* Entries shown *
□ □ □ □ □ □ □

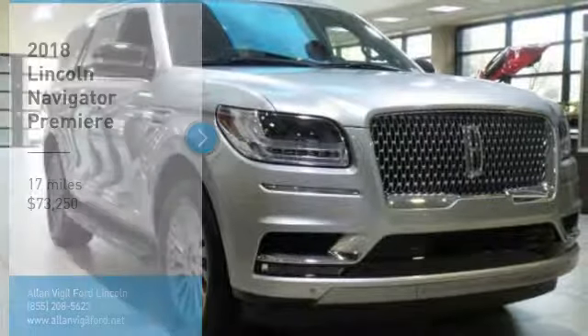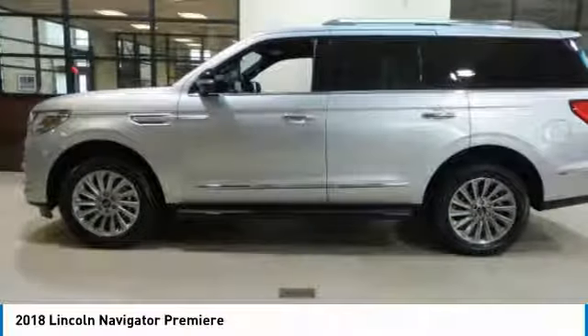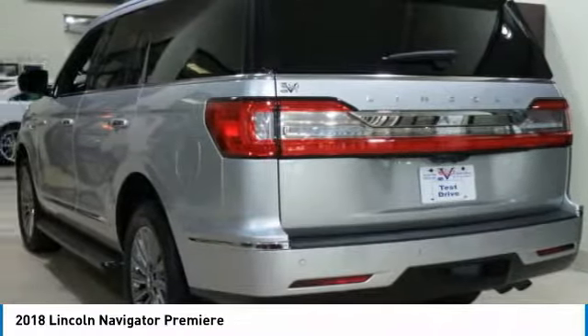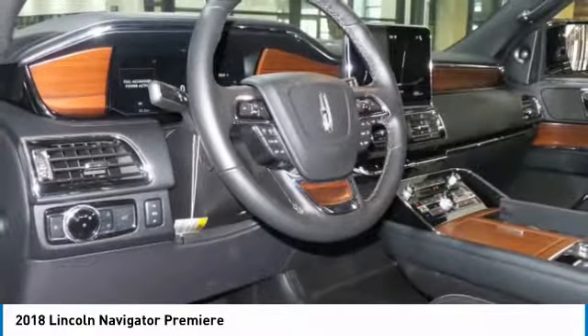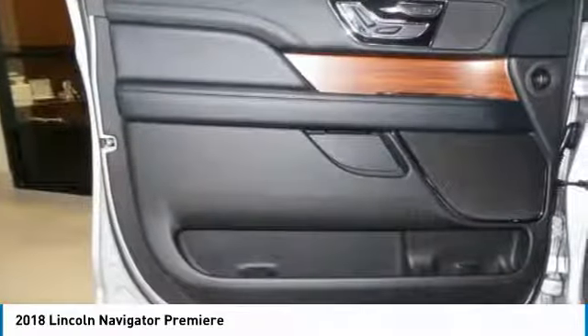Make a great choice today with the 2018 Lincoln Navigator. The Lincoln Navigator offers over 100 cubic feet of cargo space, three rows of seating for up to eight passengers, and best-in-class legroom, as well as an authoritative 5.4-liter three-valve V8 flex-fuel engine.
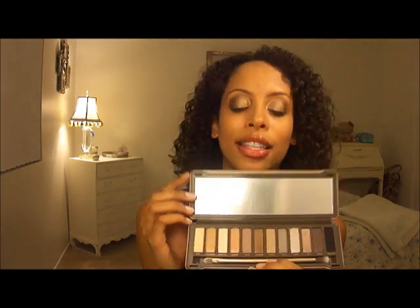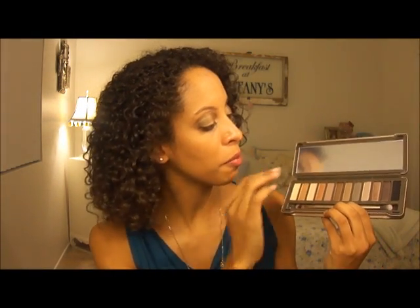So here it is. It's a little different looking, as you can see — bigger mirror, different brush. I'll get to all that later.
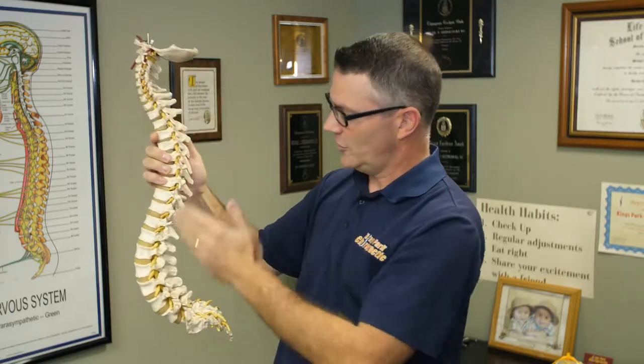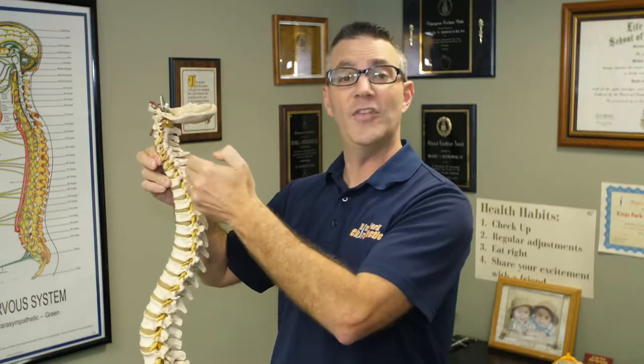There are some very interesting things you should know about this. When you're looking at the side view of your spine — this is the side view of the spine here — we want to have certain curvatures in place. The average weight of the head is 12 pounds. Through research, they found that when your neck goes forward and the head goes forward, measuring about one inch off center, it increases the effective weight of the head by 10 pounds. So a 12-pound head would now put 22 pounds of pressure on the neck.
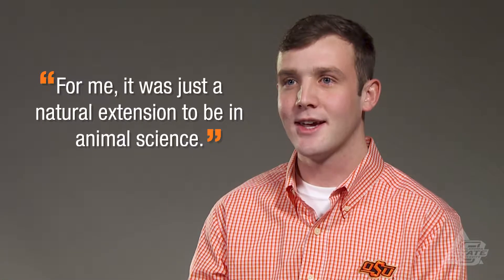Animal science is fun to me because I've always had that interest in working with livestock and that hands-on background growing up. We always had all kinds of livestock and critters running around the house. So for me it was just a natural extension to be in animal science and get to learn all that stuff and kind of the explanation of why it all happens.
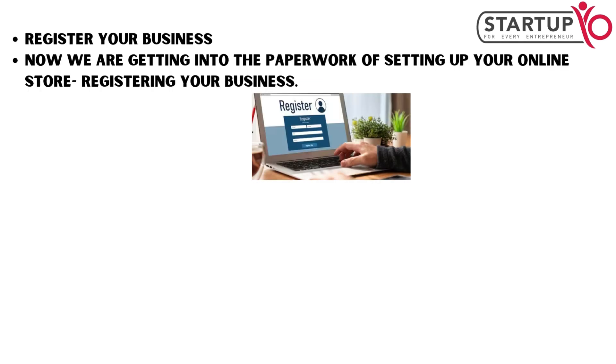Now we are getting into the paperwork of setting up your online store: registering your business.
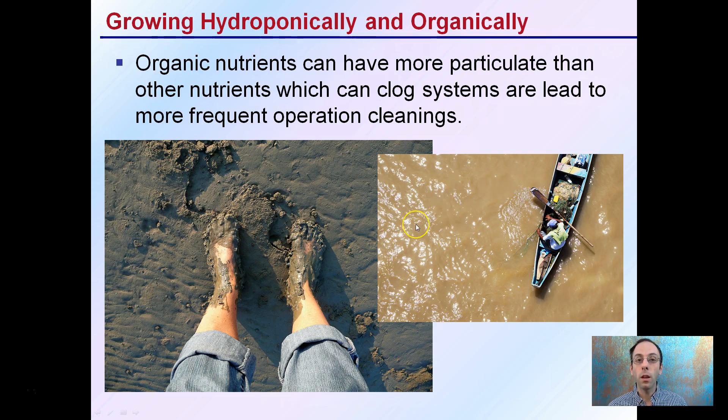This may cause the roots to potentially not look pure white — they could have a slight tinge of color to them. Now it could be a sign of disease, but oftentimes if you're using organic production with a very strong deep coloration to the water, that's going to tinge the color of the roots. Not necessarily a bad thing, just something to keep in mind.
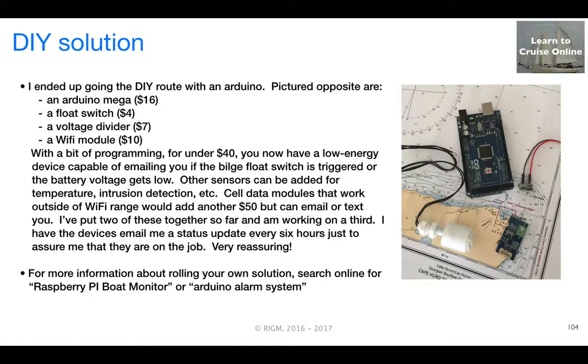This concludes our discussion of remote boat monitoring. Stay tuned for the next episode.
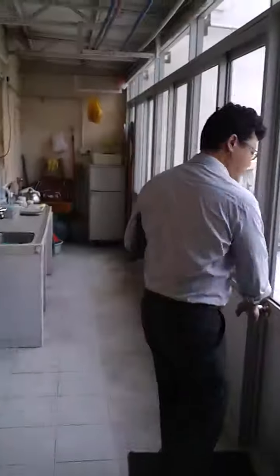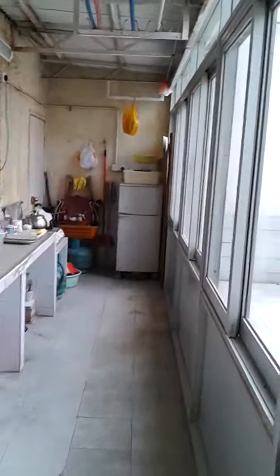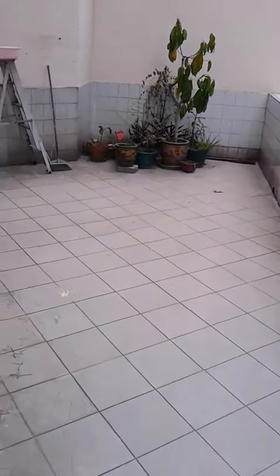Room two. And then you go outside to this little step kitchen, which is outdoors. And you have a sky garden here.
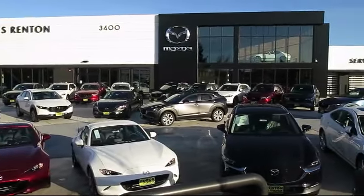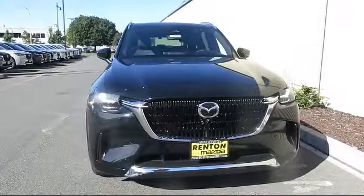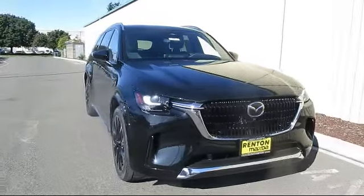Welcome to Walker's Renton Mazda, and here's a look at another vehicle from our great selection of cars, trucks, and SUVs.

□ □ □ □ □ □ □

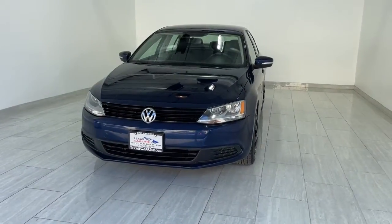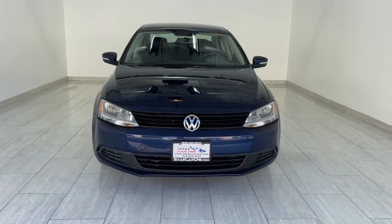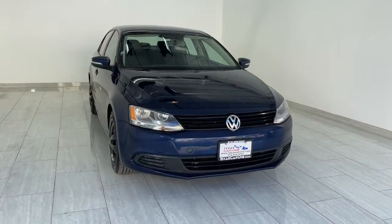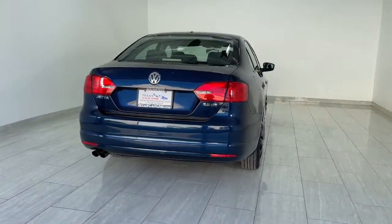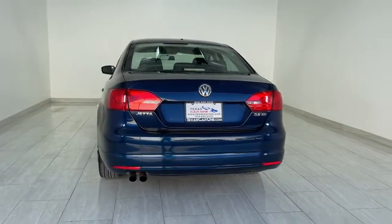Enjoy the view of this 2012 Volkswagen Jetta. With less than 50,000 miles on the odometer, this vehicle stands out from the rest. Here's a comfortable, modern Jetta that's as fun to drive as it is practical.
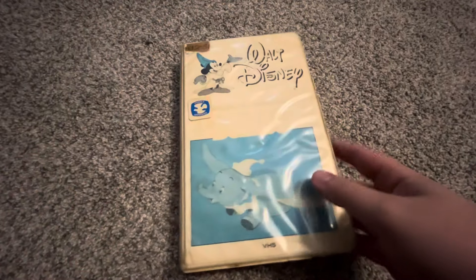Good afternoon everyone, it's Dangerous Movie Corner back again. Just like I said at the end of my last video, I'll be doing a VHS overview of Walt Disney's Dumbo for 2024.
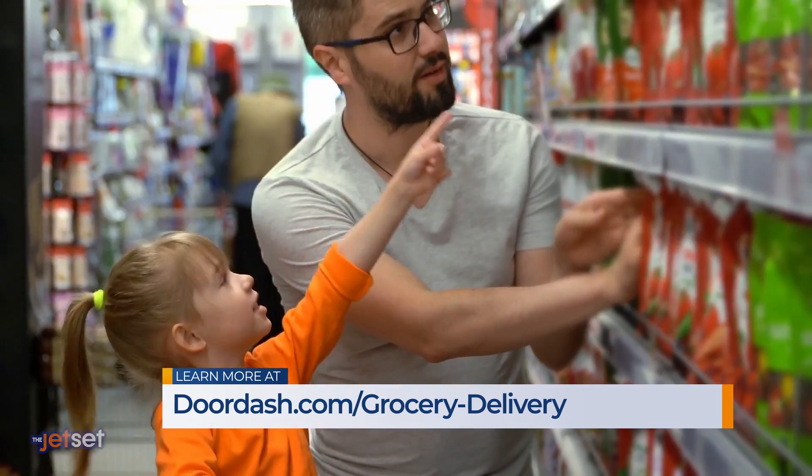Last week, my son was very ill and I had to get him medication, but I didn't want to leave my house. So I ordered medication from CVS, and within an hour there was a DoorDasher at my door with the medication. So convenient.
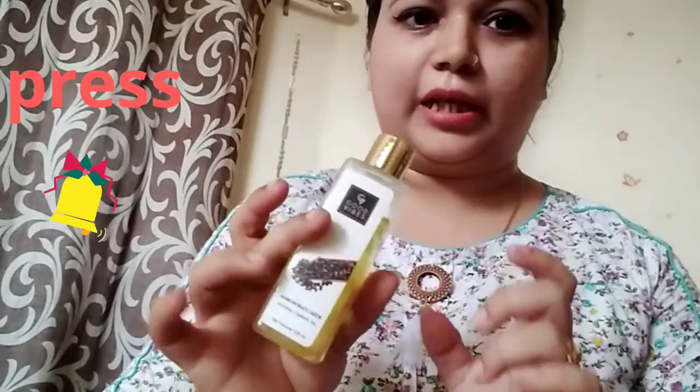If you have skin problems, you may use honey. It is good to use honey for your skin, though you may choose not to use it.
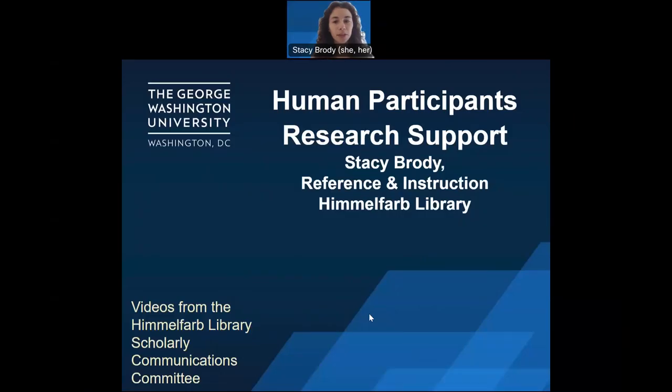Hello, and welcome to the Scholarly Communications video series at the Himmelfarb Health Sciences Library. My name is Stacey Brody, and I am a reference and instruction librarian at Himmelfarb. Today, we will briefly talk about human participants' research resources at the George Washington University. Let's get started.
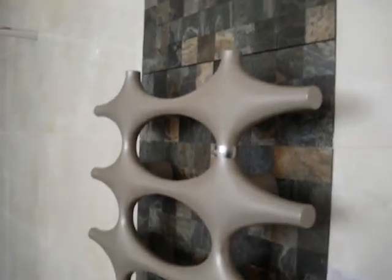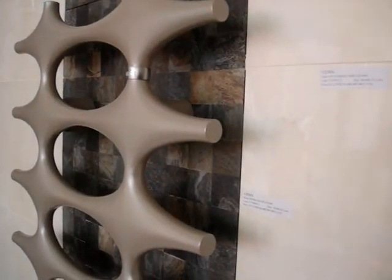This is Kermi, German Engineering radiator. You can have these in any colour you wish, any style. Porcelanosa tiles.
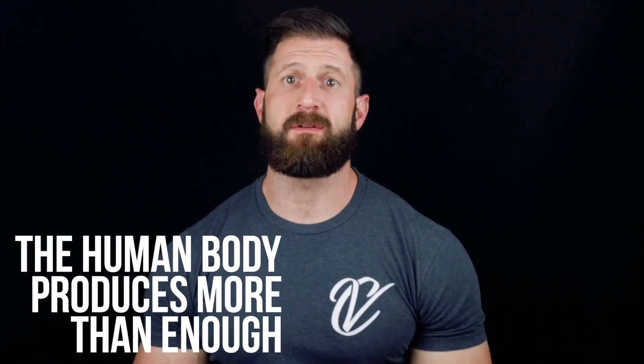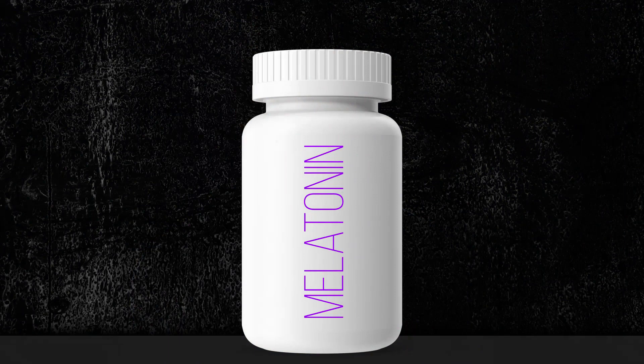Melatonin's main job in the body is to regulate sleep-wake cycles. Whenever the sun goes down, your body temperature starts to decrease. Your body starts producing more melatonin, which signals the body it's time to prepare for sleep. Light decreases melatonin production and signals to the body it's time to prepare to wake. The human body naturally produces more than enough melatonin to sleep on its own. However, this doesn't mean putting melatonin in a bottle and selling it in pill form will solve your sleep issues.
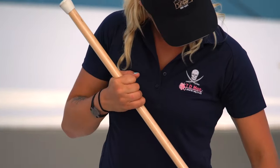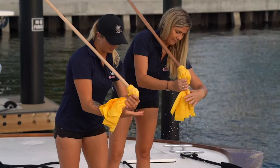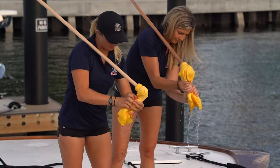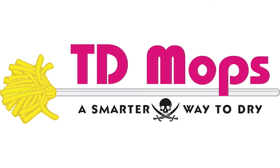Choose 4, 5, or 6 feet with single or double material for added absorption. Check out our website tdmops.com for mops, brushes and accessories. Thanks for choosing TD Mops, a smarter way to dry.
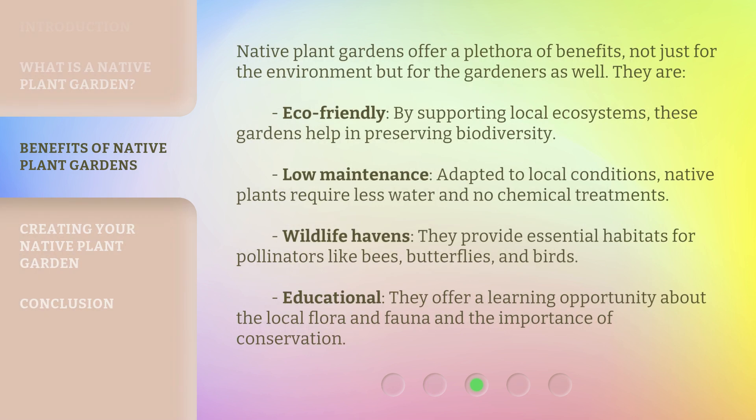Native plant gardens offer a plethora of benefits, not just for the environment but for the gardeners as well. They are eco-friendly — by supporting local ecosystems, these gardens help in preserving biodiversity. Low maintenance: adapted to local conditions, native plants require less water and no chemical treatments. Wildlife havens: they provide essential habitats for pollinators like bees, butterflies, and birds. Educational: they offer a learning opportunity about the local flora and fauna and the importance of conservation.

□ □ □ □ □ □ □

* Problem to solve *
Lines from the one above containing "Make a great" down to the one containing "So here it is." should be transcribed exactly, with both ends kept and no pictures.

* Result *
Make a great choice today with the 2018 Lincoln Navigator. The Lincoln Navigator offers over 100 cubic feet of cargo space, three rows of seating for up to eight passengers, and best-in-class legroom, as well as an authoritative 5.4-liter three-valve V8 flex-fuel engine.
So here it is. It's a little different looking, as you can see — bigger mirror, different brush. I'll get to all that later.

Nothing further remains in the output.